The all-sufficiency of Christ is on my mind. In noting all the accruements to Christ’s ministry and message, I am compelled to emphasize the “simplicity in Christ” or our “single-hearted devotion to Christ,” as the New English Bible says it in II Cor. 11:3. Paul’s fear for the Church and his exhortation to “simple-hearted devotion to Christ” is relevant today and needs a reemphasis. It is no wonder Paul was “determined not to know anything among you, except Jesus Christ and Him crucified” (I Cor. 2:1-5). “God forbid,” Paul continues, “that I should glory except in the Cross of our Lord Jesus Christ” (Gal. 6:14). And again, “I continue to evaluate and calculate all things but loss, for the excellency of the knowledge of Christ Jesus my Lord and do consider them all as refuse that I may win Christ” (Phil. 3:3-16). I remember Bro. Ralph Riggs, one of my professors at Bible college and a former General Superintendent of the Assemblies of God, reflecting on Psalm 27:4, asking the students in the chapel that day if we could bring all of our aspirations to the “one thing” of the Psalmist David. The thought still continues to press into my spirit on many occasions, even after 33 years!!
Paul’s recorded prayers for the Church are a stark contrast to most prayers offered for the Church today.
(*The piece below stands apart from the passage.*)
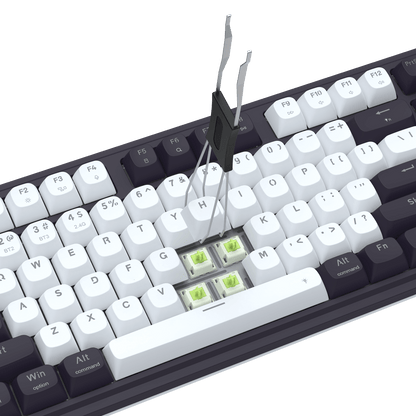 Close-up of a mechanical keyboard with white keys on a black background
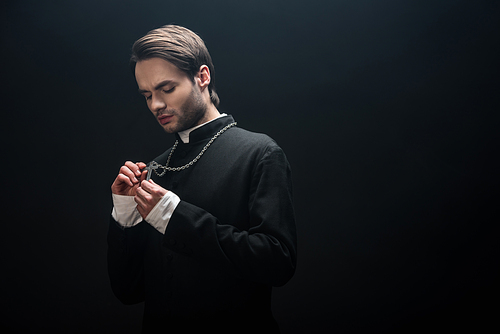 young serious catholic priest looking at silver cross on his necklace isolated on black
His prayers reflect the passionate heart of a man who viewed the Church in its broadest context in Christ Jesus. The petitions and praise cover the gamut of the Church’s beginning to its ultimate end. Very little, if any, is said about present creature comforts or temporal values.
Is He, the Lord, sufficient to be the emphasis of our preaching, ministry, and lifestyle? Can any other emphases be made that will make Him more attractive to the world and the Church? Do we remove the “singleness” of Jesus to make Him the contemporary Man, complete with laptop, cellular phone, uplinks and downlinks, updated mores, values, compromising lifestyles, and one of many means to happiness? If so, we dissipate and emasculate the Person and the Power of Christ.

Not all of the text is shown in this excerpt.